Some Krasner castoffs include those appointed by his predecessor who served for two terms (less the part where he was sent off to prison) and some were apparently even appointed by his predecessor who served for decades. Heck, when the new Phillies manager was named, one of his first actions was to name a new cadre of coaches to guide his baseball club toward the 2018 World Series victory (please let it be so; we have had too many years of cellar dwelling in this town).
Fire And Fury
Contrary to all appearances, elected officials do change in Philadelphia from time to time, whether from corruption convictions, mortality or good old-fashioned non-incumbent political victories. But while top positions and top deputies may change, the rest of agency personnel may not.
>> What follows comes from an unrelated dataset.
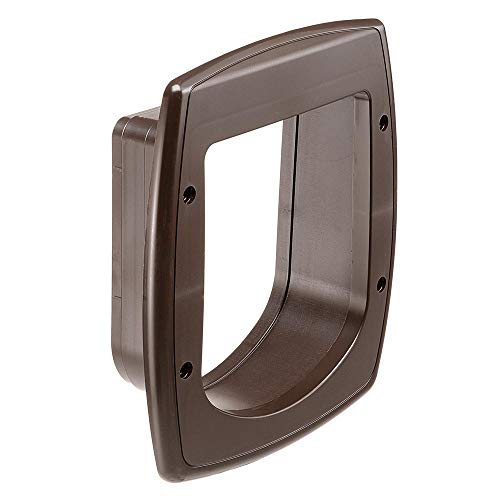 ferplast-swing-microchip-extension-tunnel-5-cm-marron-pour-chati-re-chat image 6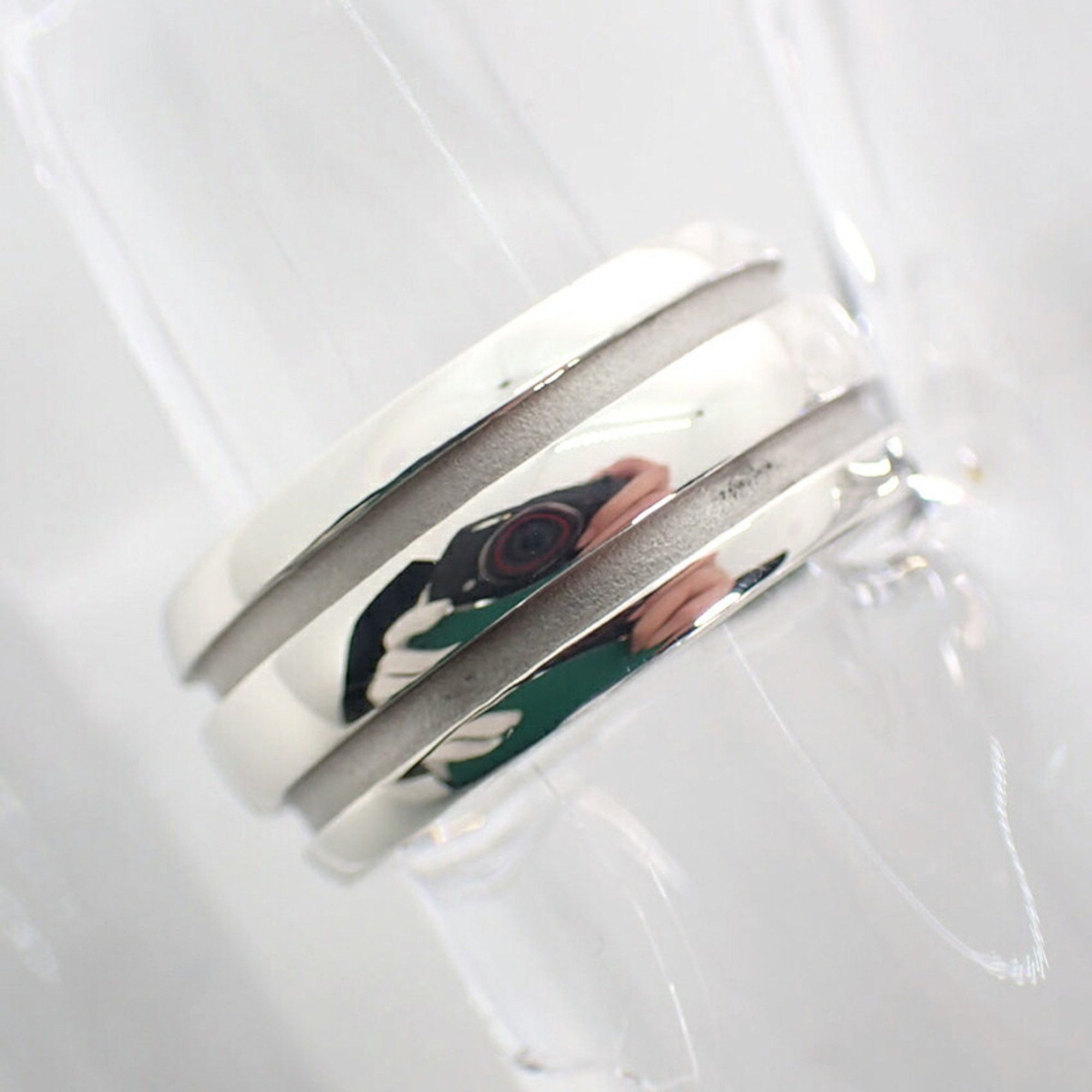 Tiffany & Co. Tiffany & Co Double Line ring Size ONE SIZE - 9 Thumbnail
Of course the employees who are hired for their jobs through a merit-based process as part of Philadelphia’s system of civil service are career employees who perform their jobs no matter which way the political winds blow. But, in addition to the members of the civil service system, so many political hires who serve at the pleasure of their appointing elected official seek to please the new boss just like the old boss to retain their jobs.
This is much less the case in Harrisburg and in Washington where parties in power shift so Democratic officials replace Republican employee and vice versa, providing a natural way to regularly bring sweeping change. Instead, in one-party-dominated Philadelphia, partisans who get hired tend to stay hired from administration to administration and remain on the payroll for generations.
I applaud the new DA for his actions. I also recommend that we hold current and future officials feet to the fire when running to ask about plans to retain or dismiss staff so we can judge for ourselves whether the candidates are just talking about change or are committed to making that change.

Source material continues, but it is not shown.